▶ _Required work_:
With pictures excluded, repeat exactly the lines from the one containing "A round image" through the last line of the material below.
┄┄┄┄┄┄
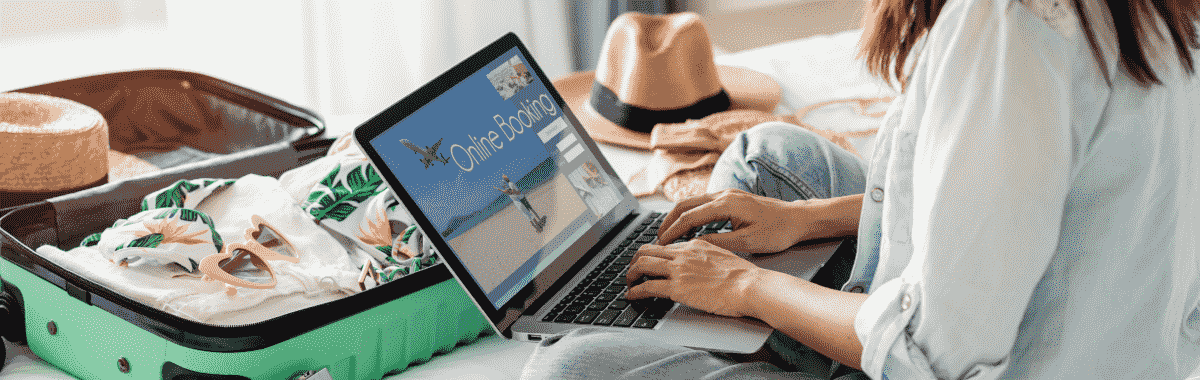 woman on a kayak with her arms out stretched over a emerald green lake
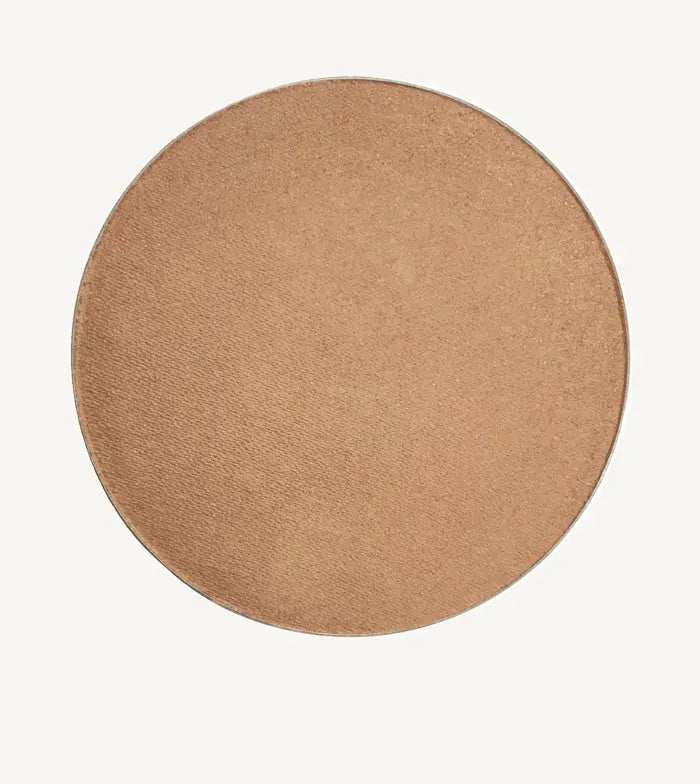 A round image of Pure Anada's Bronzed Clove Cheek color and Bonzer which is a medium beige tan.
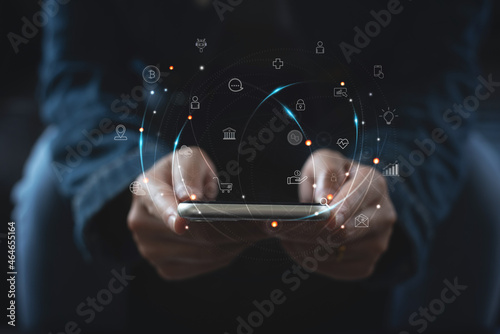 IoT, Internet of Things, online shopping, digital marketing, E-commerce, business and technology concept. Woman using mobile phone and laptop computer fro online shopping and banking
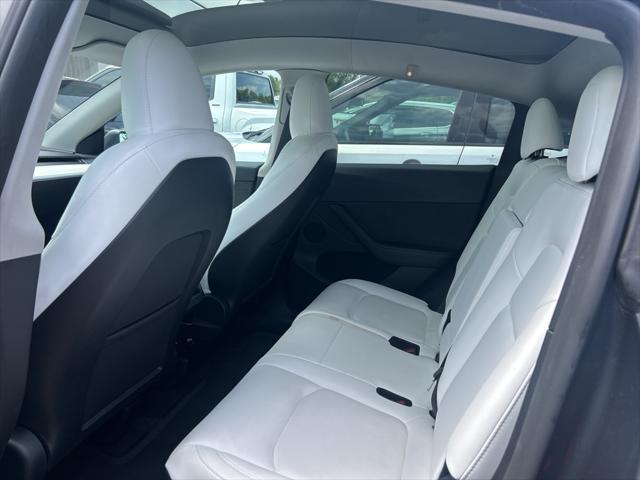 used 2023 Tesla Model Y car, priced at $28,389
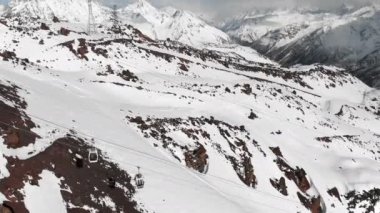 Kış sezonunda Elbrus beldesinde Kafkasya'nın yüksek dağlarında teleferik ve kayak pistlerinin havadan görünümü. Kabinlerin kablo yolunu izleme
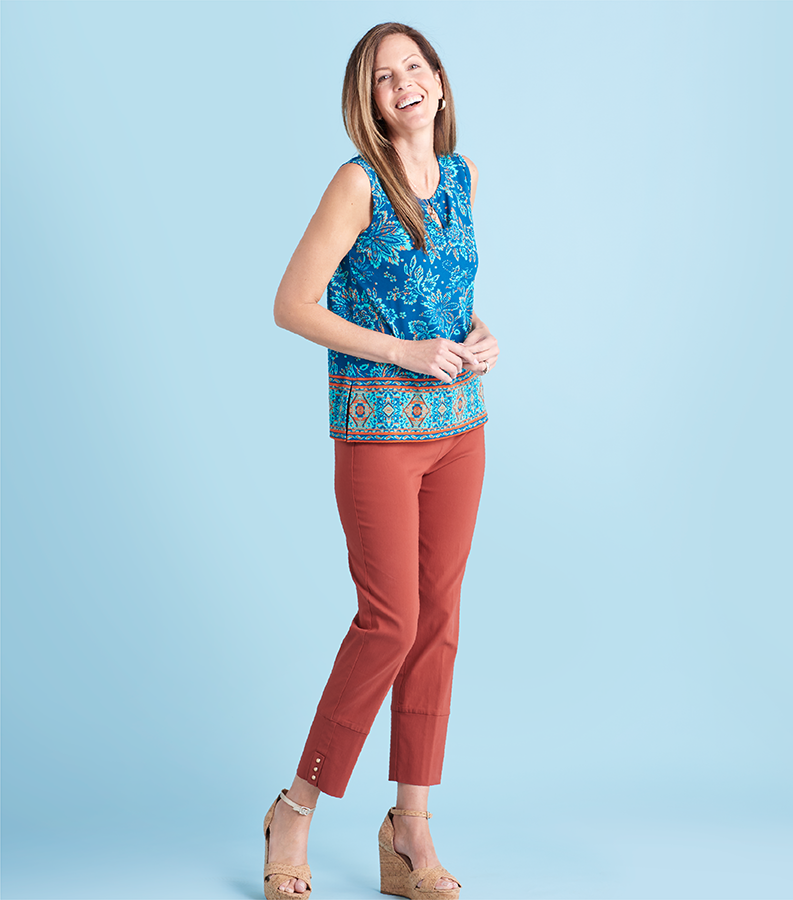 Featuring a blue border print top and brown millennium capris.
┄┄┄┄┄┄
▶ _Output of the task_:
 A round image of Pure Anada's Bronzed Clove Cheek color and Bonzer which is a medium beige tan.
 IoT, Internet of Things, online shopping, digital marketing, E-commerce, business and technology concept. Woman using mobile phone and laptop computer fro online shopping and banking
 used 2023 Tesla Model Y car, priced at $28,389
 Kış sezonunda Elbrus beldesinde Kafkasya'nın yüksek dağlarında teleferik ve kayak pistlerinin havadan görünümü. Kabinlerin kablo yolunu izleme
 Featuring a blue border print top and brown millennium capris.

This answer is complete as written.